PiperG · 24/01/2009 19:53

My lovely almost three year old DD is an OK sleeper, but often does not go all night - she wakes (often from dreams I think at mo) and needs a cuddle, and also some milk - she has had milk at bedtime since birth and we have never managed to get her off it, and then somehow we slipped into letting her have it at night as well (there's some in a beaker by her bed, so we give it to her when we go in for a cuddle).

I know this is a terrible habit and am now getting fed up with her waking at night and very aware that waking for the milk must have a lot to do with it. How to get her off it though without enormous tantrums and difficulties ...? Or do we just have to bite the bullet and do it? I really want her to sleep consistently all night long and I don't think she is ever going to do this with the milk (plus it's terrible for her teeth).
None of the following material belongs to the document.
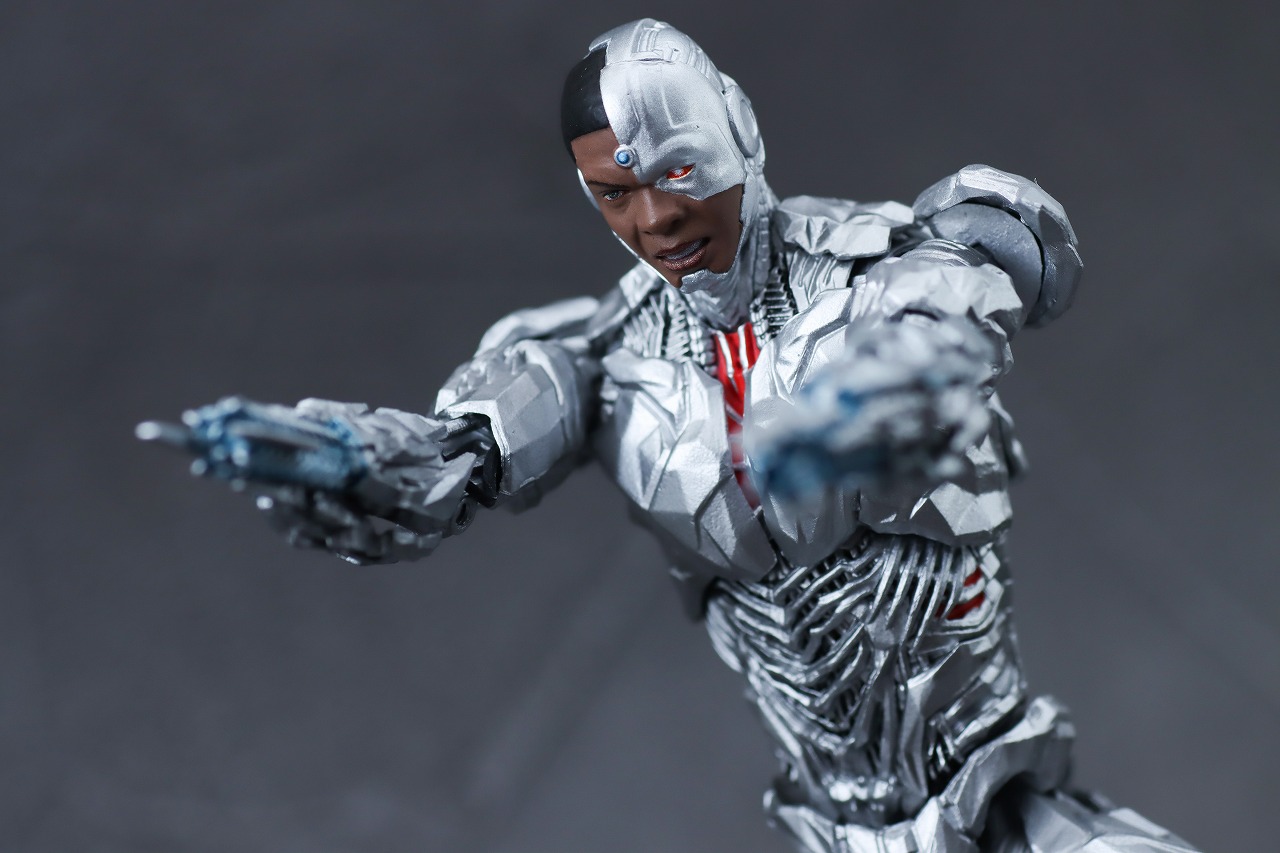 MAFEX　サイボーグ　ジャスティス・リーグ　ザック・スナイダーカット　レビュー　アクション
She's very good at going to sleep on her own, we just have stories and milk and then tuck her in and her thumb goes in and off she goes ... but we've had enough of giving this very big girl milk at night! Any ideas would be hugely appreciated. Many thanks.

OP posts:
Are your children’s vaccines up to date?
fishiedewar · 24/01/2009 20:00

if milk is beside her bed why are you giving it to her, can't she just help herself? or do you mean bf?

what nap is she having?

Nemoandthefishes · 24/01/2009 20:02

I have just stopped givings dds[just 2+3.1] milk in the night. All I did was offer them water and told them no milk. Their bedtime cup of milk they still have as does ds who is 5.3yrs and I dont see any issue with that.

pop1973 · 24/01/2009 20:02

What we did just was give the lo a warm cup of milk and story, tuck up in bed and then gave a really small tommy tipee of cold milk in the bed.

Often found that the lo would leave the cold milk and as it was in a tommy tipee it wouldnt leak.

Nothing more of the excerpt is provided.